Canada’s Constitution burdens Canadian judges and politicians – and the public at large – with the responsibility of defining the nature and extent of constitutionally enshrined aboriginal and treaty rights.

Most – if not all – Canadians agree that economic and social conditions on Indian reserves are deplorable. Economically and socially isolated from the Canadian mainstream, Indian reserves experience tragically high rates of unemployment, poverty, alcoholism, suicide, drug abuse, crime, family breakdown, and fatherless homes. These problems occur in the context of paternalistic policies like the Indian Act, and the weakness or absence of individual property rights on reserves. Canada’s Constitution, legislation, government policies and Aboriginal political elites all send a very strong message to Indians that they should be different from other Canadians, and that they should refrain from integrating themselves into the Canadian economy and society. To the extent that this message is heard and heeded, the results have been disastrous for Indians, and a source of shame for all Canadians.
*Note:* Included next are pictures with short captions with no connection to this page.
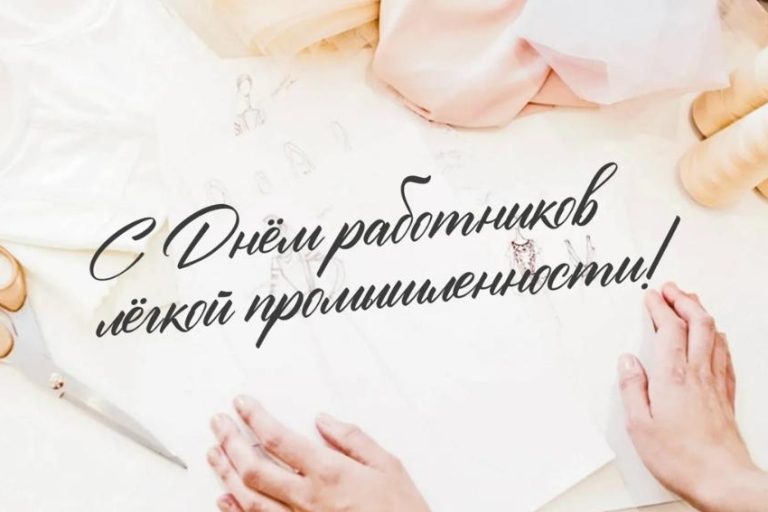 c11ec8c1bda6c25d54b02f7c6c869b6f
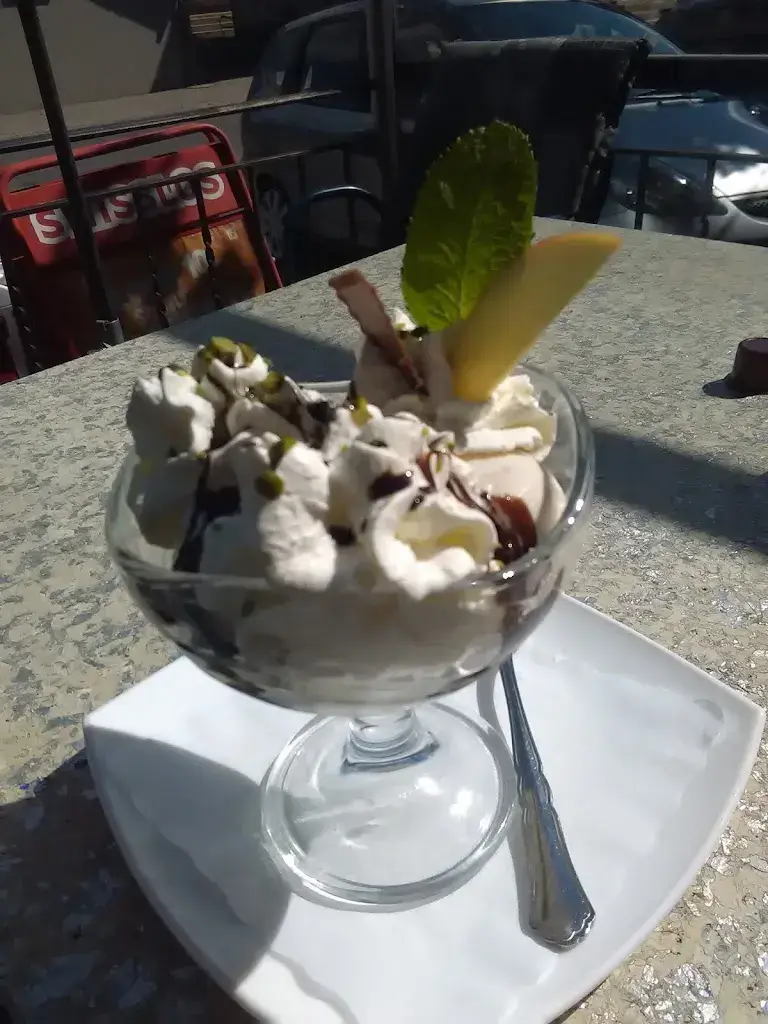 Menu_Bahnhof_Signau_image_7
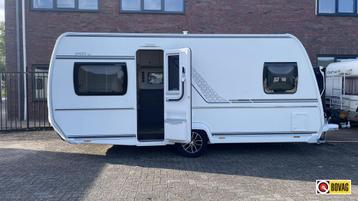 Fendt Apero 465 SFB beschikbaar voor biedingen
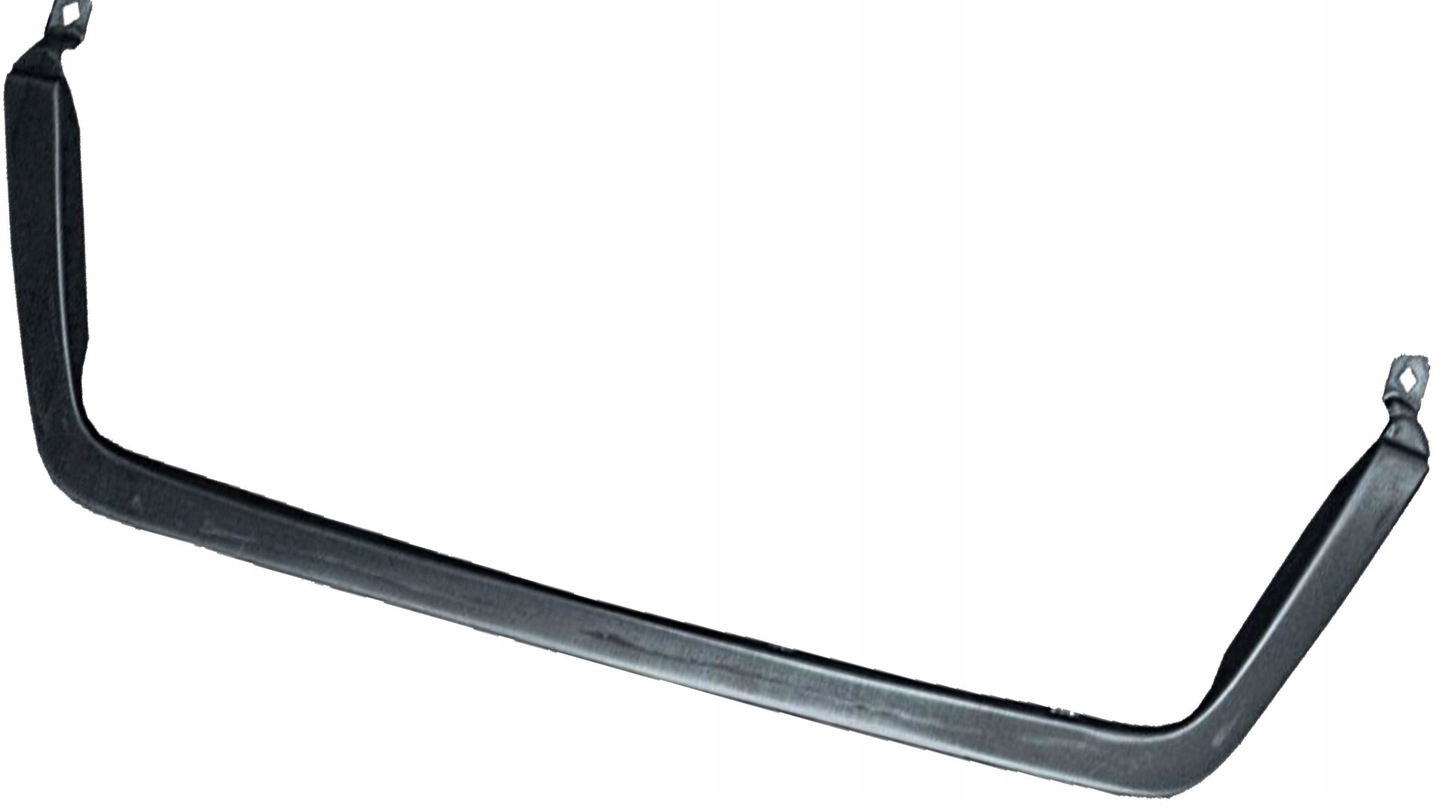 RAMKA ATRAPY GRILL MERCEDES SPRINTER 00-06 CDI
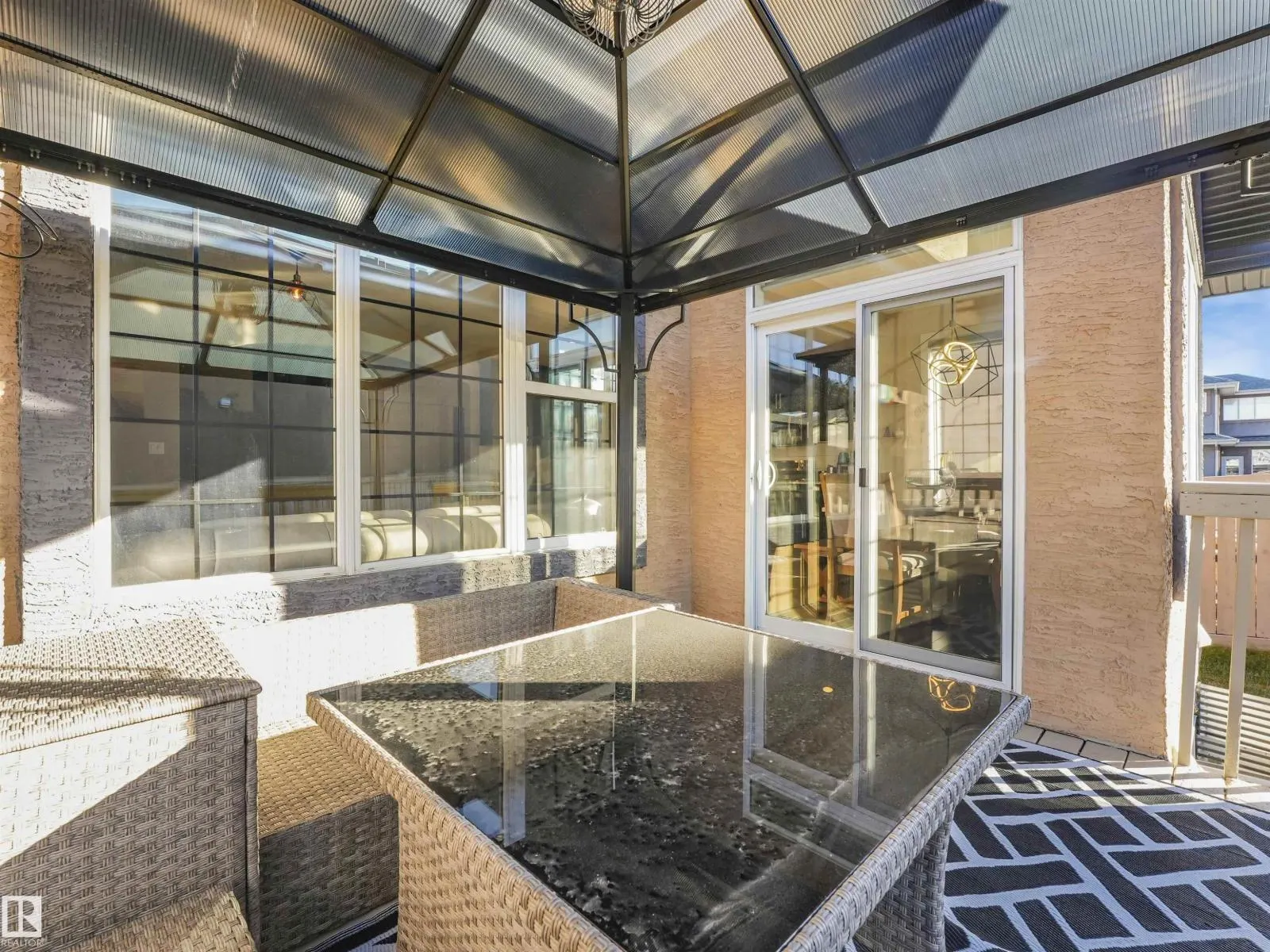 18108 89 ST NW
In opposition to Canada’s 140-year tradition of race-based legislation and policy stands the classical liberal vision of a Canada in which Canadians celebrate differences but deal with each other on the basis of equality; a nation where individuals have equal rights as well as the freedom to use those rights differently; a country where special provisions are made on the basis of need, not on the basis of race, ethnicity, ancestry or descent.

The racial segregation of B.C.’s commercial fishery (challenged in R. v. Kapp), and the creation of semi-sovereign Indian “nations,” are examples of public policies which extend and entrench the legal distinctions between Aboriginal and non-Aboriginal Canadians. The imposition of a different legal status on Indians has served Indians poorly in the first 140 years of Canada’s history. The outcome of Chief Mountain’s constitutional challenge, and the soon-to-be-released Supreme Court of Canada’s decision in R. v. Kapp, will have a strong influence on the future direction of aboriginal policy in Canada, as well as the content of future treaties.